Early in his career he described himself as a "conscious syncretizer", saying he created art as a means of exorcising the pain of his exile from his war-torn homeland and of reclaiming his "sense of place," his "moral compass," and his "love for life." In 2013, a critic wrote: "Ghebreyesus achieves syncretic brilliance. Framed by Eritrean crafts, textiles and architecture; the polyglot influence of world literature and philosophies; BeBop, modern jazz and polyrhythms of the African diaspora; as well as the masterworks of paintings populating the museums Ghebreyesus frequented, [his paintings] offer a survey of the myriad styles, mediums and scales that he worked in over his career." A late painting, "Angel Musician II" (shown at right) suggests the many sources of influence in his work.

Operating fluidly between abstraction and figuration, Ghebreyesus’ matte acrylic and oil paintings suggest the non-linear form of dreams, memories, and storytelling. Momentarily recognisable figures dissolve into colourful patterns: a school of fish becomes human bodies in transit or a boat emerges from brightly hued woven shapes echoing Eritrean textiles. His rebuke of borders and divisions seem to be distilled from his own optimistic embrace of an identity and home perpetually in flux. -- Galerie Lelong, 2020.

==Personal life and family==

Mr. Ghebreyesus’s appetitive colors makes his art instantly magnetic, but it is his images — boats, animals, musical instruments, angels — that write stories in the mind. Visual poetry is a phrase overused and underdefined. But you know it when you find it, and you find it here. -- Holland Cotter in the New York Times, 2020.

Ghebreyesus was born in Asmara in the Province of Eritrea in Ethiopia on March 21, 1962. His parents were Gebreyesus Tessema and Zememesh Berhe. He was the sixth of seven children.

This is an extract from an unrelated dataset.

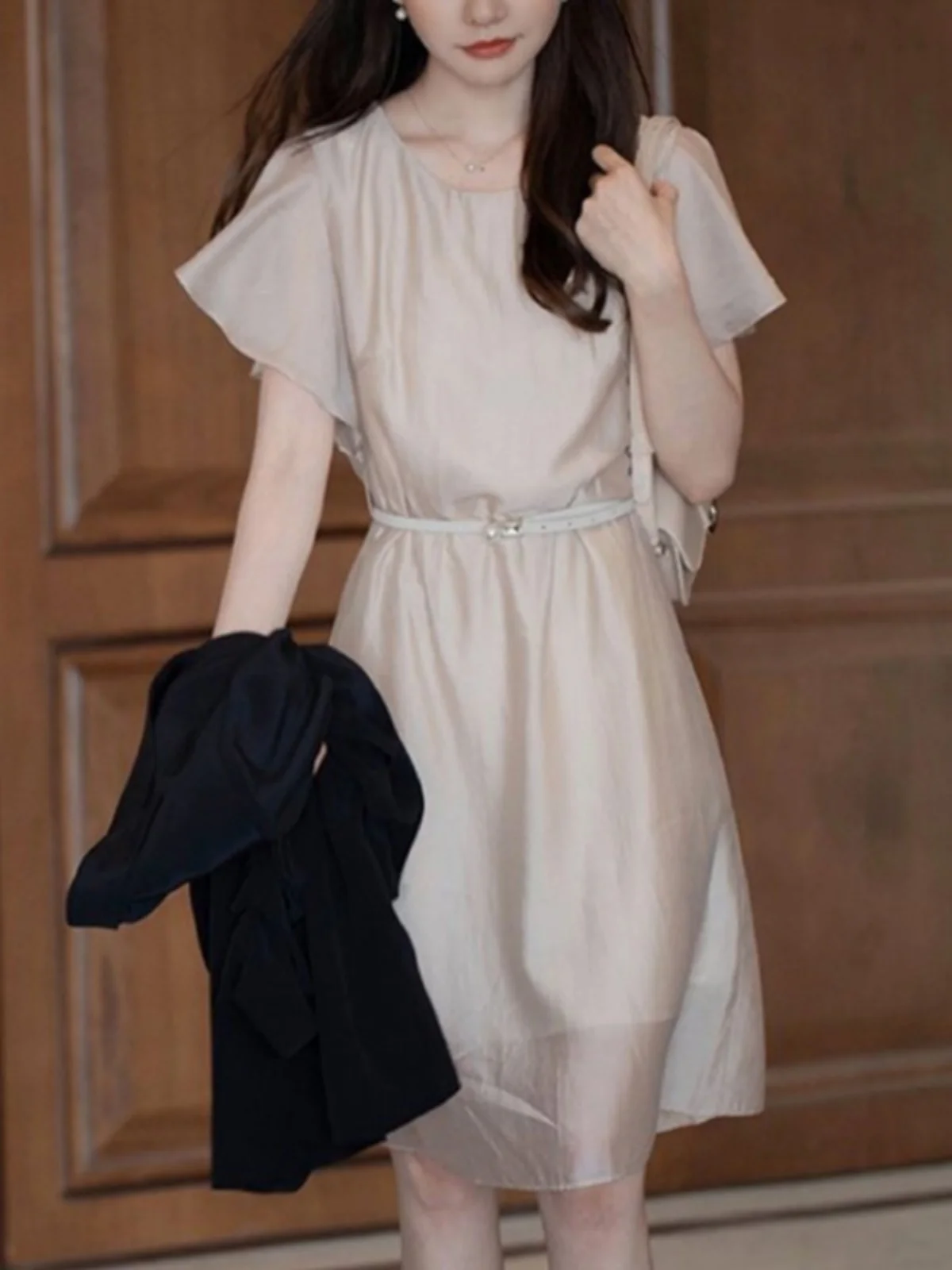 Женское летнее платье трапециевидной формы роскошное стильное Новое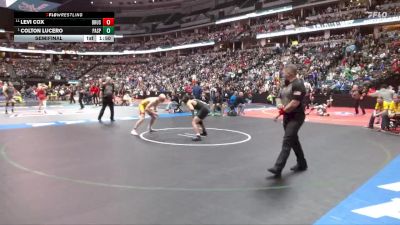 144-3A Semifinal - Colton Lucero, Pagosa Springs vs Levi Cox, Brush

Gebreyesus Tessema, a judge, was banished from the capitol for resisting government decision-tampering. In his absence, Zememesh Berhe, a Coptic Christian, was the major caregiver during Ghebreyesus's childhood. Educated in the city's Catholic schools, he received "mangia libro" ("book-eater") as a nickname and later made a self-portrait with that title. The 30-year Eritrean War of Independence continued throughout his childhood. At the age of sixteen his mother convinced him to abandon his efforts to fight in a resistance group and, instead, to seek a better life abroad. In 1978 he began three years of travel in Sudan, Italy, and Germany and in 1981 came to New York City where one of his sisters was then living. There, while earning his living in restaurant kitchens, he became a humanitarian activist in support of Eritrean independence.

In 1992, two of his brothers, Gideon and Sahle, convinced him to join with them in opening an Eritrean restaurant in New Haven. He served as co-owner and chief chef of the restaurant, called Caffé Adulis, until it closed in 2008. He devoted the remaining four years of his life to painting.

He met Elizabeth Alexander in 1996. The two formed an immediate bond. They married and subsequently became parents of two sons, Solomon and Simon.

He died of massive heart failure, age 50, April 4, 2012.

His wife said his name was pronounced FEE-kray Geb-reh-YESS-oos.